### Supplied entries
....................
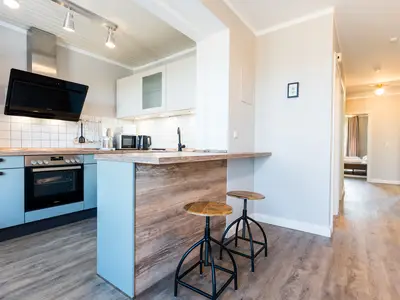 Ferienwohnung für 6 Personen (100 m²) in Fehmarn 1/10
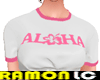 Aloha Tied Shirt Aguiar 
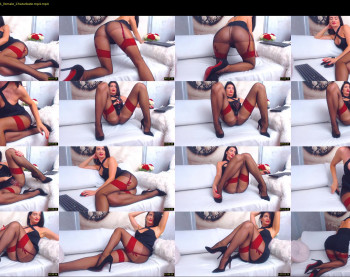 katedolly — 70 minute Chaturbate female cam show recording, 1080p, Sep 3, 2021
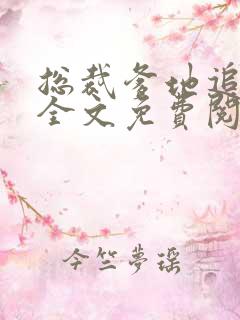 总裁爹地追妻令全文免费阅读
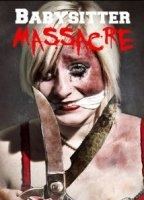 Babysitter Massacre 2013 film scènes de nu
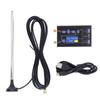 RTL SDR Receiver 100KHz?1.7GHz Software Radio Full Band USB Tuner Receiver for Aviation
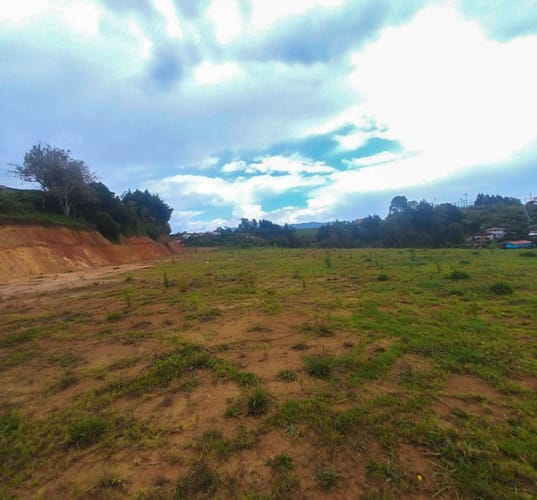 Lote en venta en El Porvenir, Rionegro · foto 2 de 11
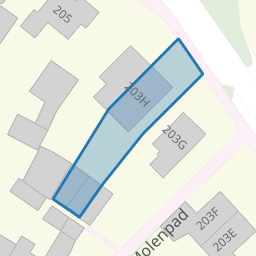 Perceel RNN01-G-3444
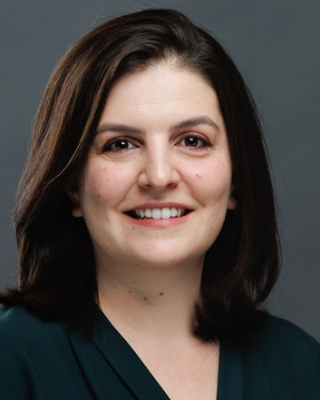 Photo of Christine Marsico, Psychologist, PhD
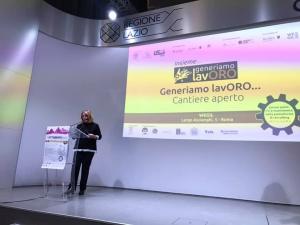 generiamo lavORO
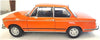 BMW 2002TII ORANGE  1/18, DIECAST COLLECTABLES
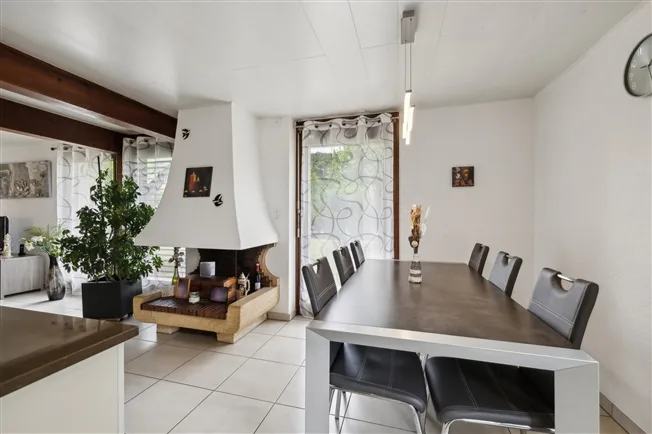 5.5 Zimmer Einfamilienhaus in Vendlincourt – photo 2 sur 11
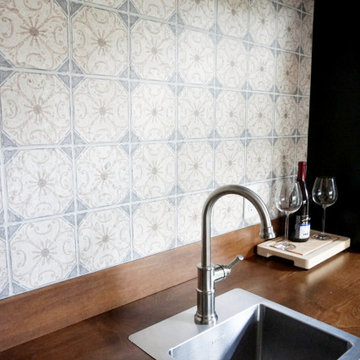 Gibsonia Kitchen Remodel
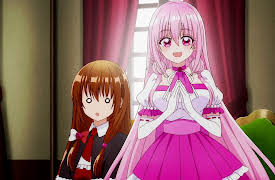 Season 1: You're the One Who Sent Me The Dark History?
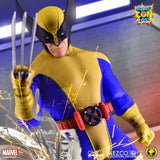 IN STOCK! Mezco One:12 Collective  Wolverine: Uncanny X-Men Edition Action Figure - SDCC 2023 Exclusive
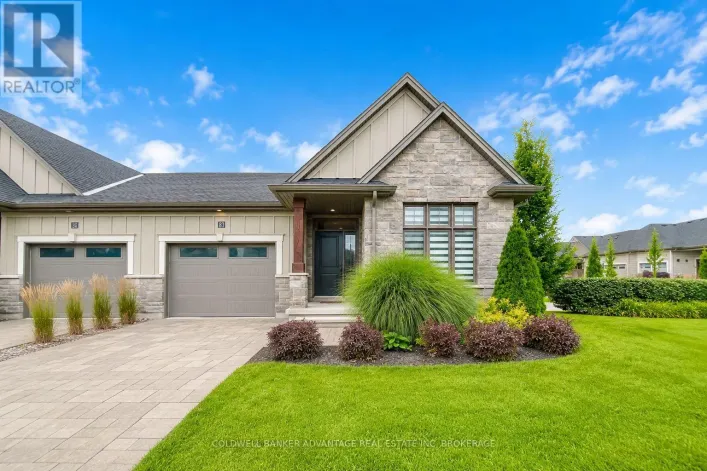 8 - 180 PORT ROBINSON ROAD, Pelham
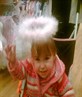 my little angel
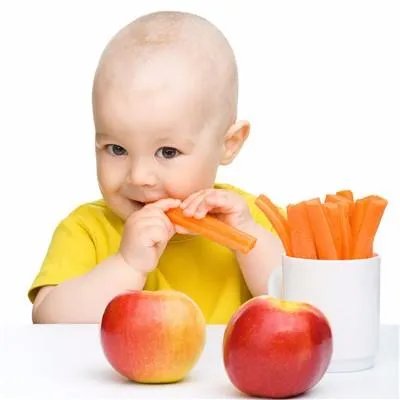 幼儿健康饮食的意义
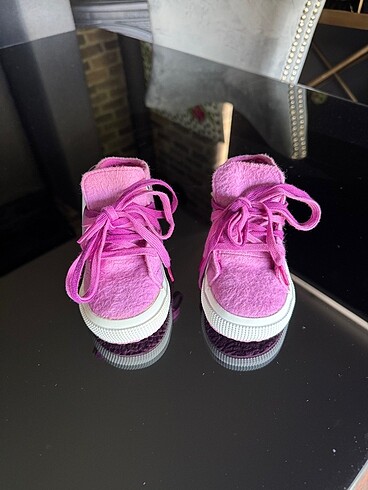 Bebek Superga Ayakkabi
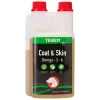 Helse Til Hunde|Fodertilskud^Trikem Coat & Skin 500ml | OUTLET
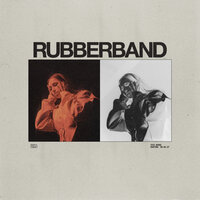 rubberband - Tate McRae
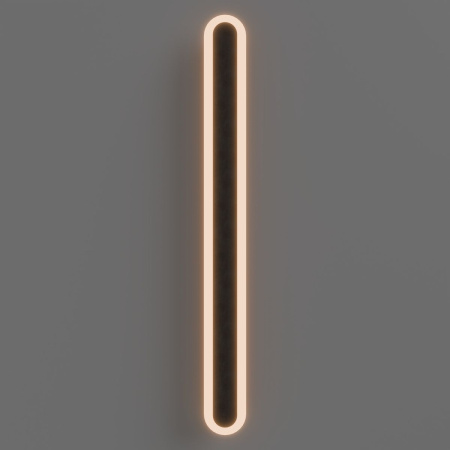 Настенный светильник Lightera Crotone LE421W-60B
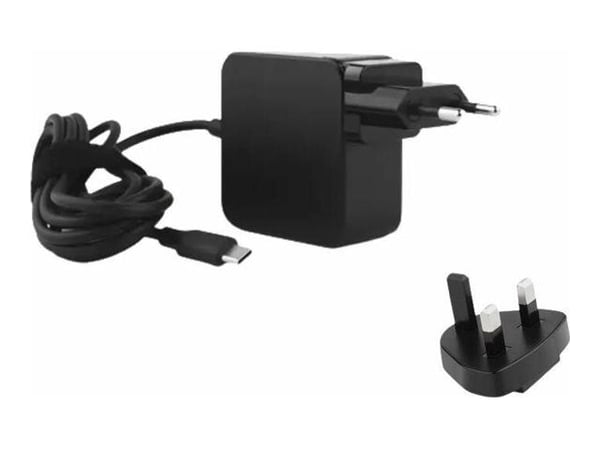 CoreParts - Strömadapter - AC - 65 Watt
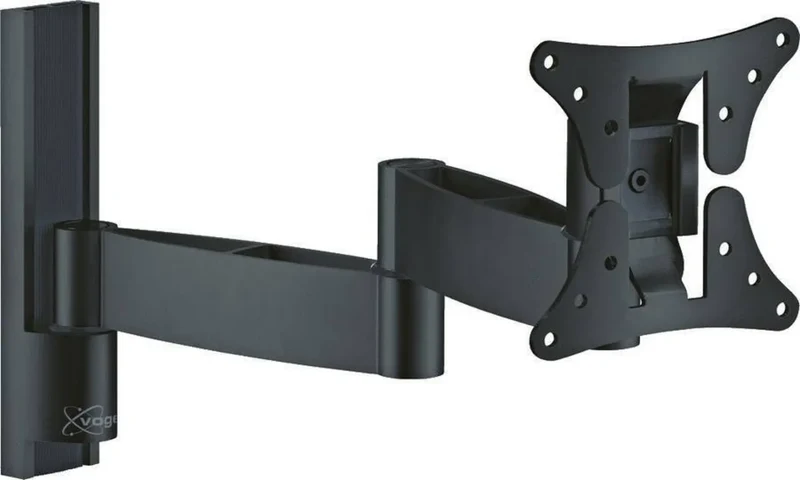 Vogel's WALL1045 Noir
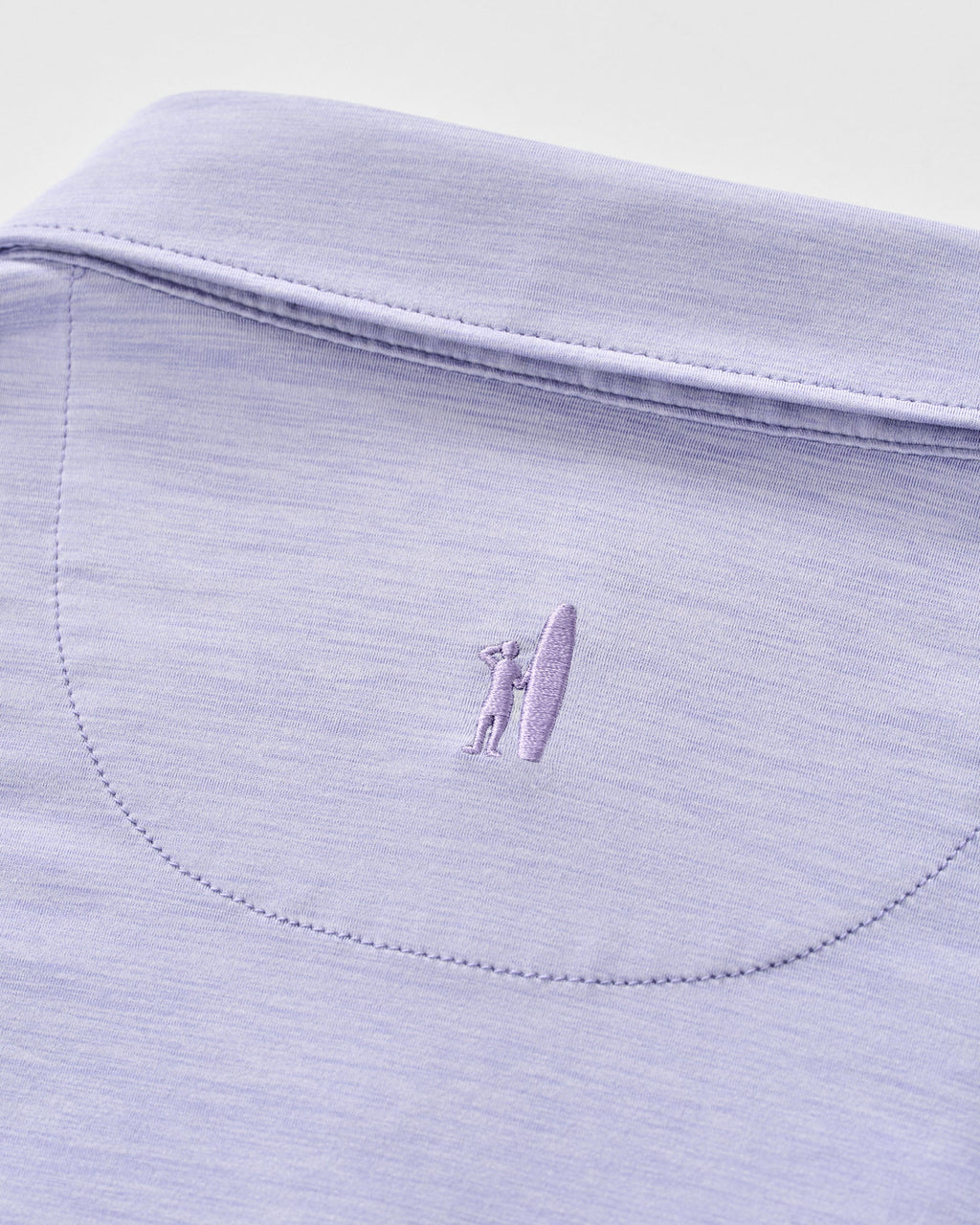 Johnnie-O Performance Featherweight Polo - Huronn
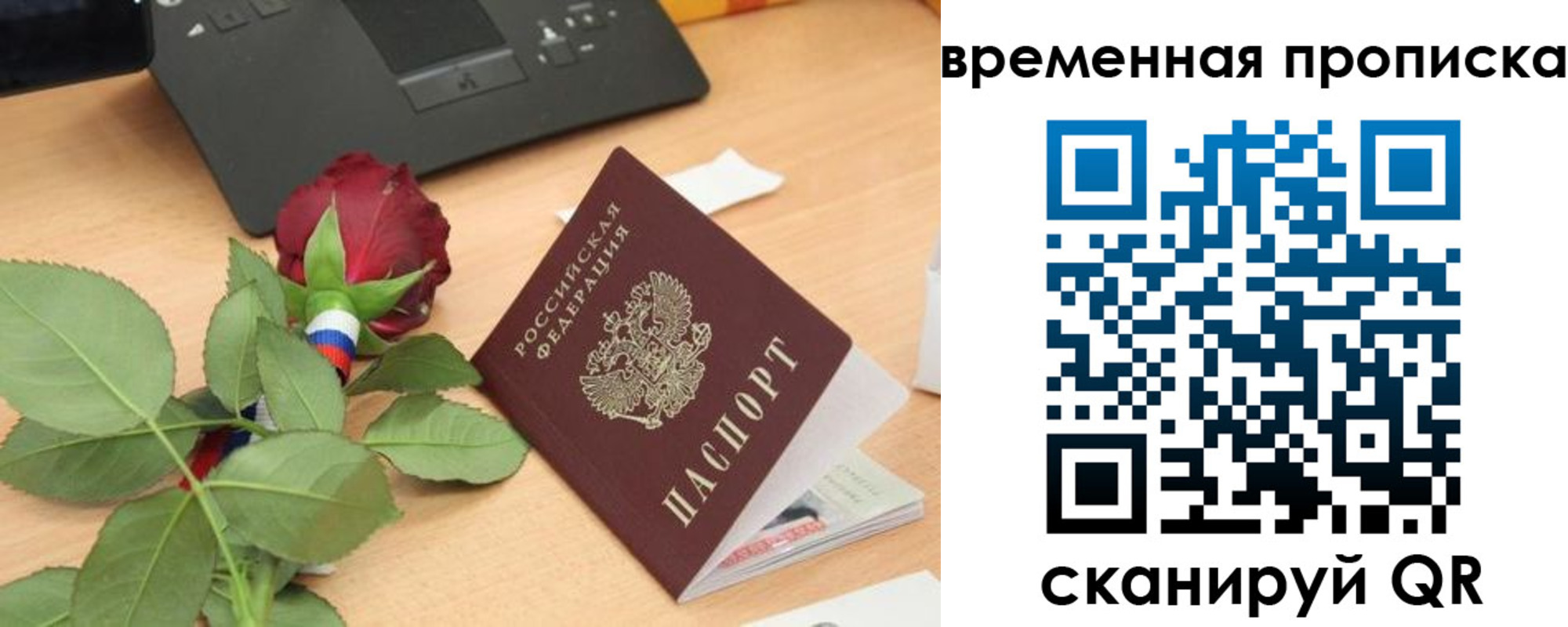 временная регистрация поиск в Чернушке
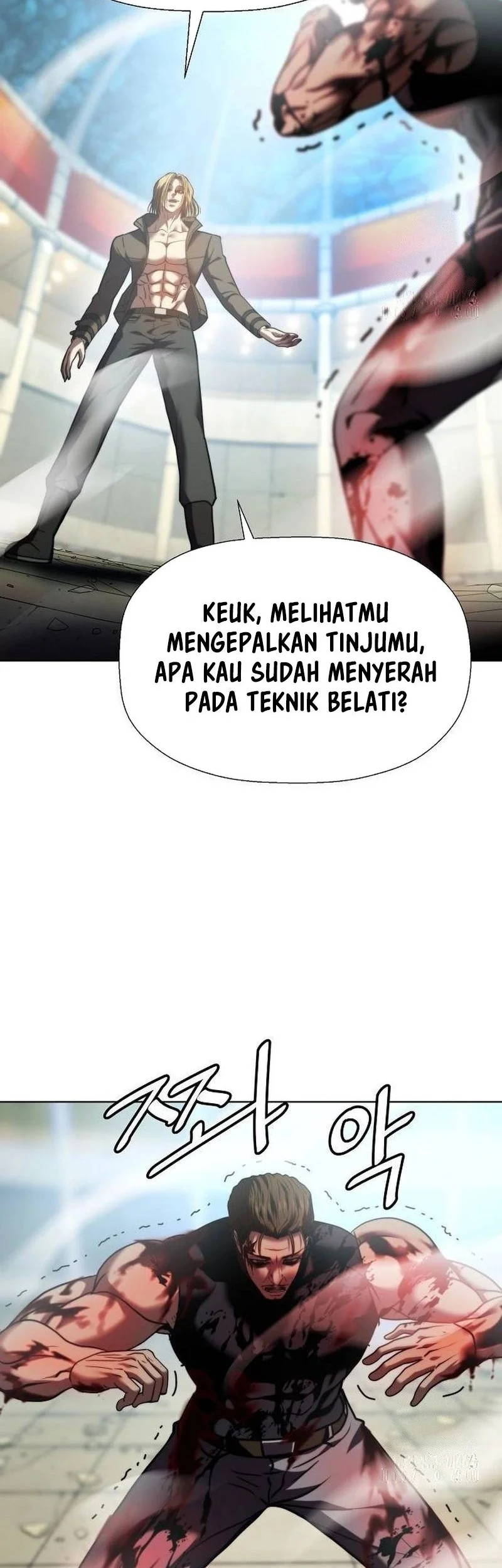 Fighting Ward Bab 25 halaman 53
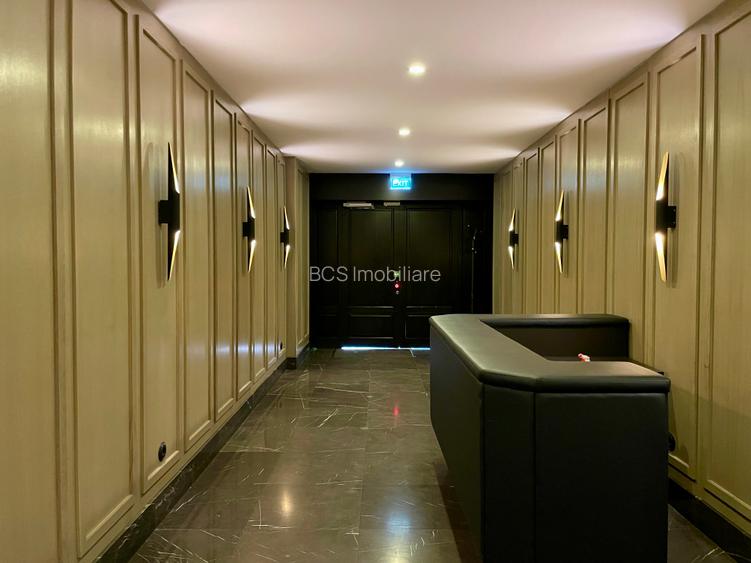 Inchiriere 3 camere 64 mp | parcare inclusă, piscina & gym | Pipera - 7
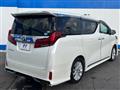 2018 Toyota Alphard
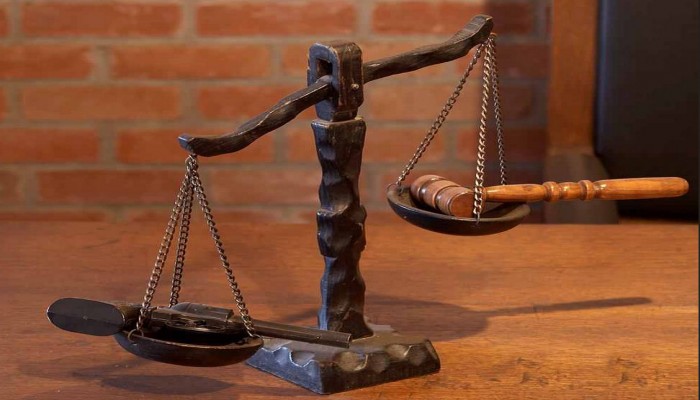 مجلس تأديب القضاة يعزل 15 قاضيا من حركة "قضاة من أجل مصر"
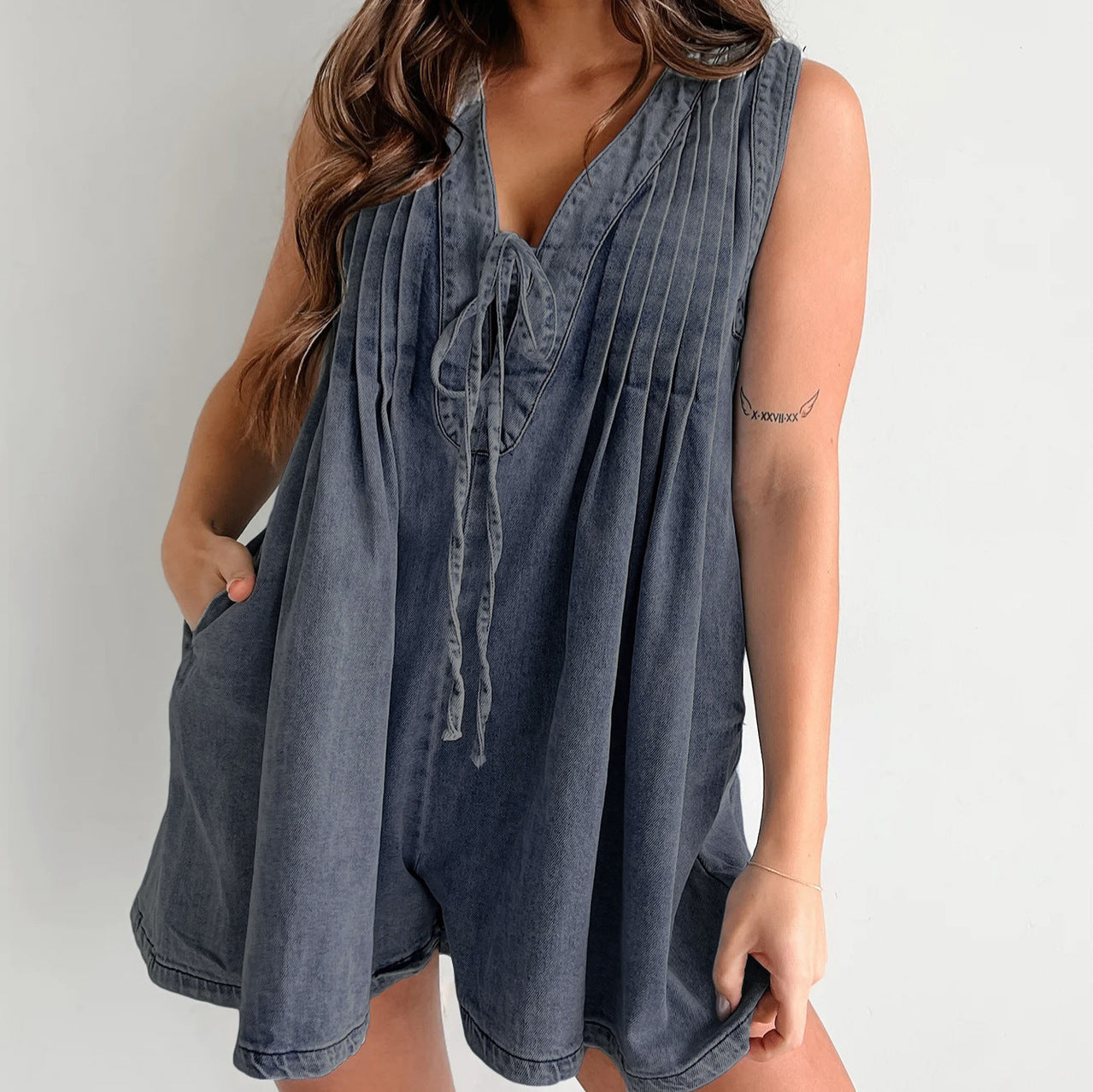 Classic Designed Garment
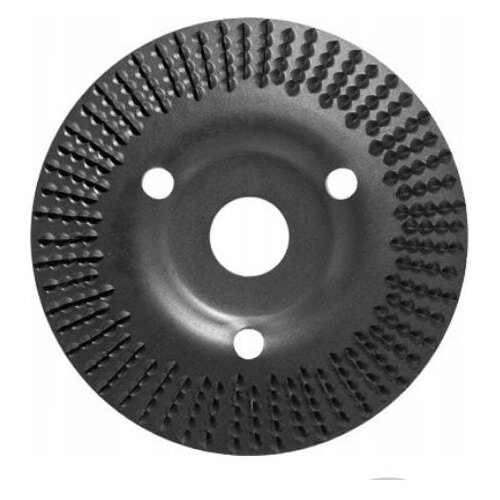  Ploča za poliranje drva 125x3x22.2mm Cijene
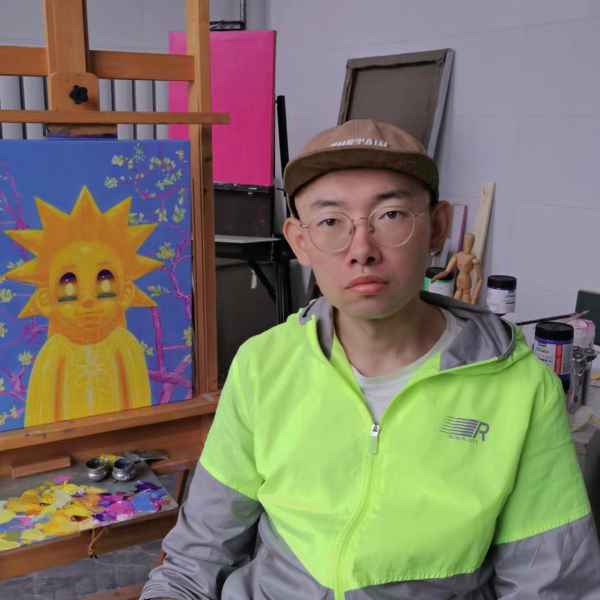33岁岁山西单身帅哥 - 泰安吉缘网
....................
### What is being asked
The line holding "Gibsonia Kitchen Remodel" starts the copy and the line holding "Fighting Ward Bab 25 halaman 53" ends it. Repeat those two lines above and all between them exactly, leaving out pictures.

### Expected answer
 Gibsonia Kitchen Remodel
 Season 1: You're the One Who Sent Me The Dark History?
 IN STOCK! Mezco One:12 Collective  Wolverine: Uncanny X-Men Edition Action Figure - SDCC 2023 Exclusive
 8 - 180 PORT ROBINSON ROAD, Pelham
 my little angel
 幼儿健康饮食的意义
 Bebek Superga Ayakkabi
 Helse Til Hunde|Fodertilskud^Trikem Coat & Skin 500ml | OUTLET
 rubberband - Tate McRae
 Настенный светильник Lightera Crotone LE421W-60B
 CoreParts - Strömadapter - AC - 65 Watt
 Vogel's WALL1045 Noir
 Johnnie-O Performance Featherweight Polo - Huronn
 временная регистрация поиск в Чернушке
 Fighting Ward Bab 25 halaman 53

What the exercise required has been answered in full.